Re: Letting plpgsql in on the fun with the new expression eval stuff

From: Andres Freund <andres(at)anarazel(dot)de>
To: Tom Lane <tgl(at)sss(dot)pgh(dot)pa(dot)us>
Cc: pgsql-hackers(at)lists(dot)postgresql(dot)org
Subject: Re: Letting plpgsql in on the fun with the new expression eval stuff
Date: 2017-12-20 13:56:02
Message-ID: 20171220135602.4ixfvaqpeb6z7dil@alap3.anarazel.de
Views: Raw Message | Whole Thread | Download mbox | Resend email
Thread:
Lists: pgsql-hackers

Hi,

Cool to see you looking at that, I think there's quite some optimization
potential around. I've to reread a bunch of plpgsql code, it's not
exactly an area of the code I'm intimately familiar with.

On 2017-12-19 13:00:41 -0500, Tom Lane wrote:
> I'm looking at ways to get plpgsql expression evaluation to go faster,
> and one thing I'm noticing is the rather large overhead of going through
> ExecEvalParamExtern and plpgsql_param_fetch to get to the useful work
> (exec_eval_datum).

What's the workload you're testing? I'm mildly surprised to see
ExecEvalParamExtern() show up, rather than just plpgsql_param_fetch() &
exec_eval_datum(). Or were you just listing that to specify the
callpath?

> We've ameliorated that for DTYPE_VAR variables
> by keeping a pre-set-up copy of their values in a ParamListInfo struct,
> but that's pretty ugly and carries a bunch of costs of its own.

Just to make sure I understand correctly, you're talking about
setup_unshared_param_list() / setup_param_list()?

> What I'm wondering about, given the v10 redesign of expression evaluation,
> is whether we couldn't be smarter about this by allowing plpgsql (or other
> external users) to skip the ParamListInfo representation altogether, and
> instead compile Param references into calls to evaluation functions that
> are better tailored to the problem of fetching the desired value.

Yea, that seems to make sense.

> In the existing execution infrastructure, what seems to make sense is to
> have an ExprEvalStep type that has functionality like EEOP_PARAM_EXTERN,
> but includes a function pointer to a plpgsql-supplied function having the
> same signature as ExecEvalParamExtern. So the execution would look more
> or less like
>
> EEO_CASE(EEOP_PARAM_CALLBACK)
> {
> op->eval_param(state, op, econtext);
> EEO_NEXT();
> }
>
> and there'd need to be some extra fields (at least a void*) in the op
> struct where plpgsql could keep private data.

I think I'd redo the parameters to the callback slightly, but generally
that sounds sane. Was thinking of something more like

One question I have is how we will re-initialize the relevant state
between exec_simple_expr() calls. I guess the most realistic one is that
the op will have a pointer into an array managed by exec_simple_expr()
that can get reset?

> The JIT stuff you're working on could just compile an equivalent of the
> above, although in the very long term maybe there would be some advantage
> to letting add-on modules compile specialized code for such steps.

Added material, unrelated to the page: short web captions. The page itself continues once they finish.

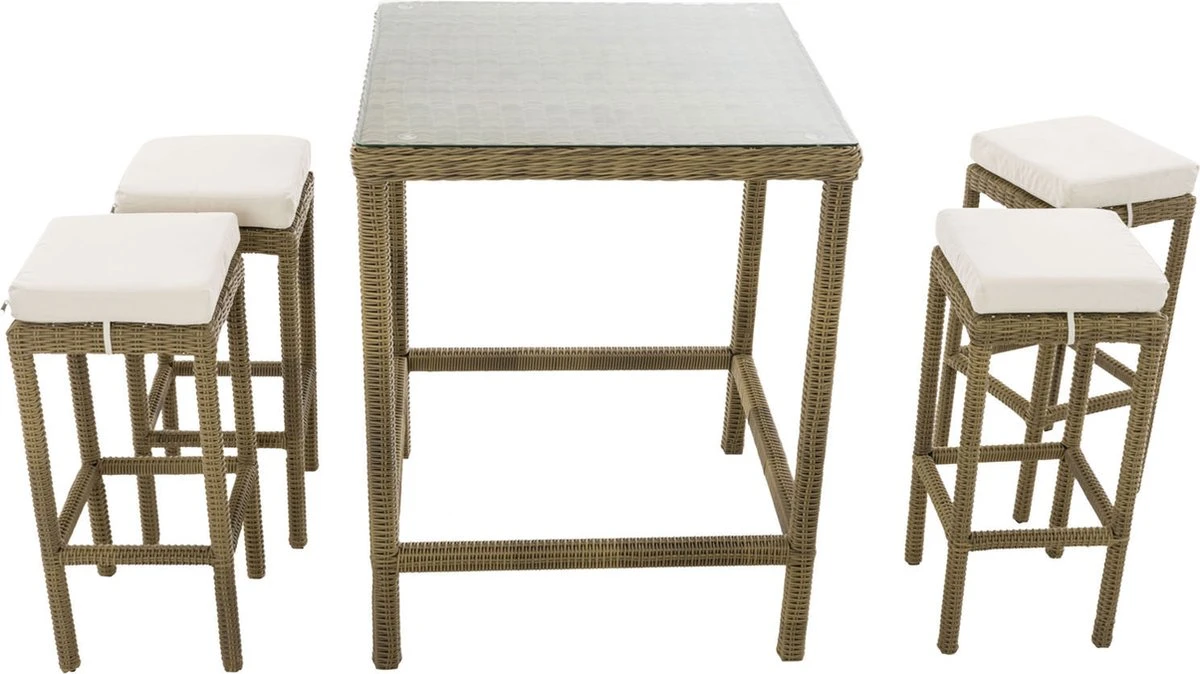 Table De Bar De Luxe Avec Chaises De Bar - Crème / Blanc - Mobilier De Jardin - Rotin - Set De 4 Tabourets De Bar - Bar De Jardin - Intérieur Et Extérieur - Résistant Aux Intempéries - 4 Personnes 6 Table De Bar De Luxe Avec Chaises De Bar - Crème / Blanc - Mobilier De Jardin - Rotin - Set De 4 Tabourets De Bar - Bar De Jardin - Intérieur Et Extérieur - Résistant Aux Intempéries - 4 Personnes – Image 6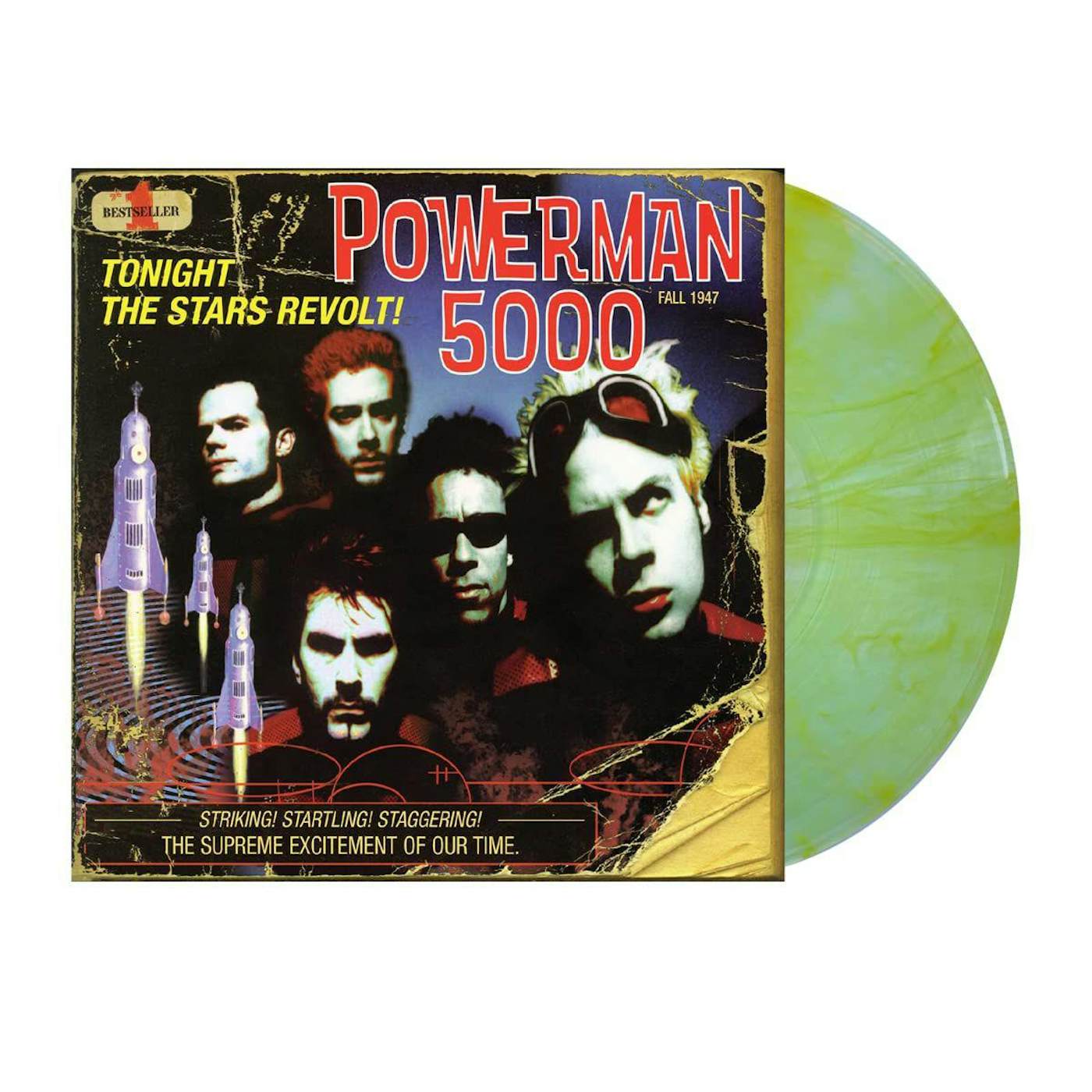 Powerman 5000 Tonight The Stars Revolt (Coke Clear With Bright Yellow Streaks) Vinyl Record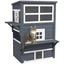 PawHut 3-Story Cat House Feral Cat Shelter, Outdoor Kitten Condo with Raised Floor, Asphalt Roof, Escape Doors, Jumping Platforms, Dark Gray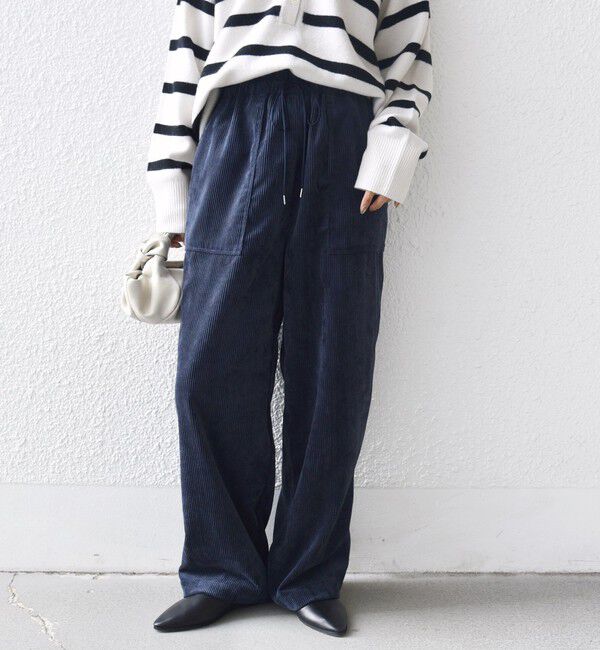 SHIPS for women「〈洗濯機可能〉TUMUGITO(R) コーデュロイ ドロスト パンツ 2」|その他|ネイビー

Yea, that's reasonable too. I'm not yet 100% sure whether it'll not be
more reasonable to add a few more generic opcodes to the central JITing
that external code can emit and core can handle, or a hook like you
describe is better.

> The immediate problem is how can ExecInitExpr generate such a step?
> It can't itself know what to put into the function ptr or the additional
> fields. There has to be a way for it to call a plpgsql-supplied
> support routine that can construct the eval step. (And we have to
> export ExprEvalPushStep, though that doesn't seem like a problem.)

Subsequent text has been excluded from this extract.